GIVEN ENTRIES
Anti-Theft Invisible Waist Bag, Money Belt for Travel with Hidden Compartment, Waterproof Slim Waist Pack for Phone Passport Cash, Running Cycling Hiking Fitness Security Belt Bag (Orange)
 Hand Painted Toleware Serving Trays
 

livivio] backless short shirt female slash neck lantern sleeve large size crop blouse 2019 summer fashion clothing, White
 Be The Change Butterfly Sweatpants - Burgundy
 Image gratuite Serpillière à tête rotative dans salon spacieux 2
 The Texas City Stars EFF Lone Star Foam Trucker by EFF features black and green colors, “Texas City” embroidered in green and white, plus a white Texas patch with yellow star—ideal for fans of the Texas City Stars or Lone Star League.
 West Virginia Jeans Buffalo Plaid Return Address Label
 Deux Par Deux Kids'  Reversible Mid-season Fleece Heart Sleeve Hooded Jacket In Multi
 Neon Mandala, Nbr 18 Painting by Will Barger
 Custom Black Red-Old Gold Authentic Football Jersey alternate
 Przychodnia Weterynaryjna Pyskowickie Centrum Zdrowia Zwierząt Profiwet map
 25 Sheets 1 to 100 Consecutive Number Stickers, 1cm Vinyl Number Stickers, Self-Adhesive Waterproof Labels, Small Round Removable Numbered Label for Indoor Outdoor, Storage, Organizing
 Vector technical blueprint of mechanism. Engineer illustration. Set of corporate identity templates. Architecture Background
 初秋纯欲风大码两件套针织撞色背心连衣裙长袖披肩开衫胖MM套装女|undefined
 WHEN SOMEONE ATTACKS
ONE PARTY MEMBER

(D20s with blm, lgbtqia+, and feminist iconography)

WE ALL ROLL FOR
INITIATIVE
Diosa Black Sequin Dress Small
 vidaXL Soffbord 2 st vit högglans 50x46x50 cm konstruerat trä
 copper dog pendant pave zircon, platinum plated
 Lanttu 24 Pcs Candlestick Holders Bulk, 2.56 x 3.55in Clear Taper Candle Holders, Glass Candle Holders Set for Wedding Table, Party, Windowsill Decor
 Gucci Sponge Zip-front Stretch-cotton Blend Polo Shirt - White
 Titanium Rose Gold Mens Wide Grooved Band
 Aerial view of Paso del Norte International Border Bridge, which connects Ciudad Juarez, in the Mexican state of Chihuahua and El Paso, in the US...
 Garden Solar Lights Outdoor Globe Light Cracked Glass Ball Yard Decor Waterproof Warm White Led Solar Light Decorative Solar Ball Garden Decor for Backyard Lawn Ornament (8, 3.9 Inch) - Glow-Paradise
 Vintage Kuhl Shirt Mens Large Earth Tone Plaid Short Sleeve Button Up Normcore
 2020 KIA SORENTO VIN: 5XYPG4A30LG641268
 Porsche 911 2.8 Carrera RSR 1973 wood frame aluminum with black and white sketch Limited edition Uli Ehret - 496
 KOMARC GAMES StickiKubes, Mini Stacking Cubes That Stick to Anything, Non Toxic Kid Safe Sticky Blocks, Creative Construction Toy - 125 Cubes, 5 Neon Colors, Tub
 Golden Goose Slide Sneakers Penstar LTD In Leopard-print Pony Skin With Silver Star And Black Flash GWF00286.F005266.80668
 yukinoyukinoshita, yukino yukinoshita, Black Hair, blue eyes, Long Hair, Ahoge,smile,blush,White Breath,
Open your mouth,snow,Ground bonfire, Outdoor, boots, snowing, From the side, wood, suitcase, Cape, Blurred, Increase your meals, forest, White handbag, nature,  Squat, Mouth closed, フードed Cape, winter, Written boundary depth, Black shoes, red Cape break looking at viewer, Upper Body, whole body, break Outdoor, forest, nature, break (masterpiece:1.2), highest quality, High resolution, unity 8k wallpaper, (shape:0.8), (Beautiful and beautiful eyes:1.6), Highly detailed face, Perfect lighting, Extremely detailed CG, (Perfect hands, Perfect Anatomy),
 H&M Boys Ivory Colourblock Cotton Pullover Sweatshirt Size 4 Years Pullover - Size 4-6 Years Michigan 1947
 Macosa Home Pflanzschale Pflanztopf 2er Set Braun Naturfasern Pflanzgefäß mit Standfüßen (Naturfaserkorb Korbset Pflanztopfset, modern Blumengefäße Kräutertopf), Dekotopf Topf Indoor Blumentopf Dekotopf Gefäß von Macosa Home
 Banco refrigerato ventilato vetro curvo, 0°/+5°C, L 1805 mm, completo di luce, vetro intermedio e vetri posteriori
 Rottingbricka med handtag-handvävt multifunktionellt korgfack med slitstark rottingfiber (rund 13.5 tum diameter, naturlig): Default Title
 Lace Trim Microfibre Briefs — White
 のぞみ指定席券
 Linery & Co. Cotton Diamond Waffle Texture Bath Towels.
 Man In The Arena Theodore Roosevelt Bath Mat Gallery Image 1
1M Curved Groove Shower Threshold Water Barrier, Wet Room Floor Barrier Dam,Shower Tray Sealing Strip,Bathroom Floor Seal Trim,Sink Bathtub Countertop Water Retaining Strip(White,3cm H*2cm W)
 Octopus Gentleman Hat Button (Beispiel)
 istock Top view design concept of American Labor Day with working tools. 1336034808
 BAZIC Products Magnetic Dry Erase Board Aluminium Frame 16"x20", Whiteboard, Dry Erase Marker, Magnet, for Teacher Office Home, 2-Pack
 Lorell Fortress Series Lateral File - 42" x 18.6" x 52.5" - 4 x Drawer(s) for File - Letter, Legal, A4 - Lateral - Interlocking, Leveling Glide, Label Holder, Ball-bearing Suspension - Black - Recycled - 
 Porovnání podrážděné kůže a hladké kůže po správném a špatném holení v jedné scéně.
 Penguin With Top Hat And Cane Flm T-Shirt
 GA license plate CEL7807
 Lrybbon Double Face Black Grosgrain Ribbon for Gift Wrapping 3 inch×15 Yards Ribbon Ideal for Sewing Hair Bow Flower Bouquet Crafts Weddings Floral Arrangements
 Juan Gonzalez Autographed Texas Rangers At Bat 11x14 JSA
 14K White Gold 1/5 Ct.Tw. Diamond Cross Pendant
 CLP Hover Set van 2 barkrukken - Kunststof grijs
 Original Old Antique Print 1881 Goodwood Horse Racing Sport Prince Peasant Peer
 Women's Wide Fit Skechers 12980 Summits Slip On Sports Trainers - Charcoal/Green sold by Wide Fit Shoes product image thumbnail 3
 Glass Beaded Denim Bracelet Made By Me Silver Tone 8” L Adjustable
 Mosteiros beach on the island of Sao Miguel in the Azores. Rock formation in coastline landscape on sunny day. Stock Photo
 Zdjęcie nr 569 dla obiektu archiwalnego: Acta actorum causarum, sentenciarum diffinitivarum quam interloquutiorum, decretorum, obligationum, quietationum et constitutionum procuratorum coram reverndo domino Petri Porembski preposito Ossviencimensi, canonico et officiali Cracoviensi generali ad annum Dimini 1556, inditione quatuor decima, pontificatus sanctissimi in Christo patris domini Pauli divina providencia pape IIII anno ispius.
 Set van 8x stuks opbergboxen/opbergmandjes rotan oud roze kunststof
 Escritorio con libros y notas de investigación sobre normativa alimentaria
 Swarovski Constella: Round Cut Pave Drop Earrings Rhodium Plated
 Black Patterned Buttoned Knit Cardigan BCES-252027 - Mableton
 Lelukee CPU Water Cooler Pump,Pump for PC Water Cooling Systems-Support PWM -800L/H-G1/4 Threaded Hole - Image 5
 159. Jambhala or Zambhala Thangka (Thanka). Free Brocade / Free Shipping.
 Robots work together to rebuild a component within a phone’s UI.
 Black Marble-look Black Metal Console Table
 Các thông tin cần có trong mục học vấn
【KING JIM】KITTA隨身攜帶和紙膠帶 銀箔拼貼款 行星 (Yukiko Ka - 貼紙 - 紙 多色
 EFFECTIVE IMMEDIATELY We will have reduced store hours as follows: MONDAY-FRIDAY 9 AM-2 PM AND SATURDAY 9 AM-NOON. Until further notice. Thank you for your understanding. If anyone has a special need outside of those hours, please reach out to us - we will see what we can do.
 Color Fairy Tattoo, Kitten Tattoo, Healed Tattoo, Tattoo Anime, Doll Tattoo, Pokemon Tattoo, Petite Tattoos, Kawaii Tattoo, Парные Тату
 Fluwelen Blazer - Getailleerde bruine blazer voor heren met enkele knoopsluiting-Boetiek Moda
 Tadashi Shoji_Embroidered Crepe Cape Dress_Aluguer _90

AIM OF THE TASK
The entries above hold a line with "Open your mouth,snow,Ground" and a later line with "Linery & Co.". Write out exactly those lines and all lines between, nothing more.

EXERCISE OUTPUT
Open your mouth,snow,Ground bonfire, Outdoor, boots, snowing, From the side, wood, suitcase, Cape, Blurred, Increase your meals, forest, White handbag, nature,  Squat, Mouth closed, フードed Cape, winter, Written boundary depth, Black shoes, red Cape break looking at viewer, Upper Body, whole body, break Outdoor, forest, nature, break (masterpiece:1.2), highest quality, High resolution, unity 8k wallpaper, (shape:0.8), (Beautiful and beautiful eyes:1.6), Highly detailed face, Perfect lighting, Extremely detailed CG, (Perfect hands, Perfect Anatomy),
 H&M Boys Ivory Colourblock Cotton Pullover Sweatshirt Size 4 Years Pullover - Size 4-6 Years Michigan 1947
 Macosa Home Pflanzschale Pflanztopf 2er Set Braun Naturfasern Pflanzgefäß mit Standfüßen (Naturfaserkorb Korbset Pflanztopfset, modern Blumengefäße Kräutertopf), Dekotopf Topf Indoor Blumentopf Dekotopf Gefäß von Macosa Home
 Banco refrigerato ventilato vetro curvo, 0°/+5°C, L 1805 mm, completo di luce, vetro intermedio e vetri posteriori
 Rottingbricka med handtag-handvävt multifunktionellt korgfack med slitstark rottingfiber (rund 13.5 tum diameter, naturlig): Default Title
 Lace Trim Microfibre Briefs — White
 のぞみ指定席券
 Linery & Co. Cotton Diamond Waffle Texture Bath Towels.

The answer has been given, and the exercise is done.